For what it's worth, my second bass was a Yamaha RBX765A. I got this many years ago and it's always seen a lot of play (practice, shows, recording, etc.). I would never get rid of this bass. Some Yamaha basses are just completely underrated in my books and a lot of people on TalkBass would agree with me.


----------



## Steve08 (Sep 11, 2010)

Pretty sure most Schecter 5 strings are 35" and active and would mostly fit in your price range. The Studio one has an extra EQ band but that's approx. 600 GBP.

Buy Schecter Omen-5 5-String Bass Guitar | 5 String Electric Bass | Musician's Friend


----------



## Metal Ken (Sep 11, 2010)

Dunno if it counts, but the Ibanez BTB series has some cool shit. I just won a BTB 515E for about two and quarter USD+ shipping off ebay. You can find them cheaper if you just keep an eye out.


----------



## DaveCarter (Sep 11, 2010)

Yup these are all brands Ive looked through: Ibanez were the first brand I checked, the only series they do that is 35" is the BTB series and they start at around £650 here. I also checked Yamaha, same story really, nothing 35" in my price range. I had someone else recently recommend the Edge 5, I checked it out but theyre not active, and have own-brand pickups so I reckon Id get a better sound out of the Traben (Rockfield pickups and preamp). Secondhand Spector is an option, but Im looking to buy fairly soon and there's nothing like that on ebay at the moment, I saw a 35" Yamaha on there recently but it went out of my price range (Ive got a fair amount of other guitars and software to buy at the moment so this is a lesser priority, absolute max budget is £400). I saw the Schecter basses but the reason Ive chosen to avoid them is the necks: fairly hefty in terms of thickness and theyre all painted necks, which is a real pet hate of mine. Smooth maple FTW  Im generally not a fan of Schecter, though Im partly judging brands like Dean and Schecter based on my current knowledge of their guitars i.e. general build quality, reputation etc., so feel free to correct me if either of these companies have basses much better than their guitars.

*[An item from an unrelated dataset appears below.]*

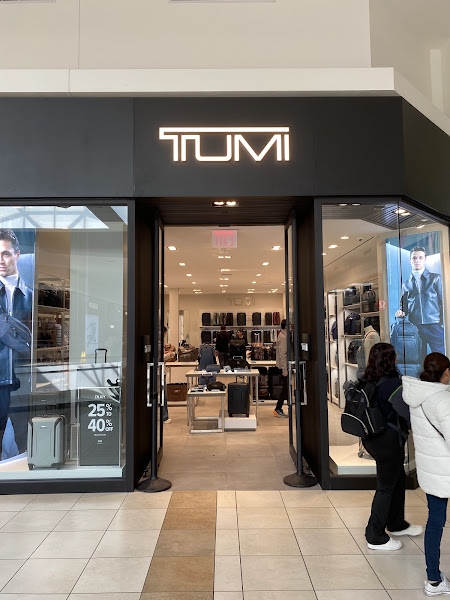 TUMI Outlet Store - Fashion Outlets Chicago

For what its worth I also checked ESP and their F series is 35" and starts around the £300 mark, but I still prefer the Traben though: dual humbuckers, 3-band active EQ, string-thru bridge (Traben's own internal/external bridge system, looks very very cool), and the model I like is black with black hardware, so I like the look of it much more than the Dean...minor detail though 

Cheers for the input guys, feel free to keep the opinions coming, I want to be sure Ive gone through every possible option here!


----------



## MaKo´s Tethan (Sep 11, 2010)

+1 for Schecter.


----------



## josh pelican (Sep 11, 2010)

+1 for Ibanez, Yamaha, and Spector.


----------



## signalgrey (Sep 11, 2010)

BTB hands down. Its the only Ibanez bass i like.


----------



## MetalGravy (Sep 11, 2010)

on BTB, though, be wary that it has a pretty wide neck; expecially after the 12th fret.


----------



## josh pelican (Sep 11, 2010)

BTBs are monsters in all aspects. Tone, width, weight, etc

Awesome basses nevertheless.


----------



## Andii (Sep 12, 2010)

I didn't post about the BTB earlier because of the price range you mentioned, but whatever more that you would pay for one would be worth it of you plan on using whatever you get indefinitely. If there are some on the used market near you, it could possibly be about the same amount of money or less.

I assure you that the Bart MKIIs in them will never leave you wondering what could have been. If it doesn't sound good, it will be because of what you're plugged into.


----------



## Rook (Sep 12, 2010)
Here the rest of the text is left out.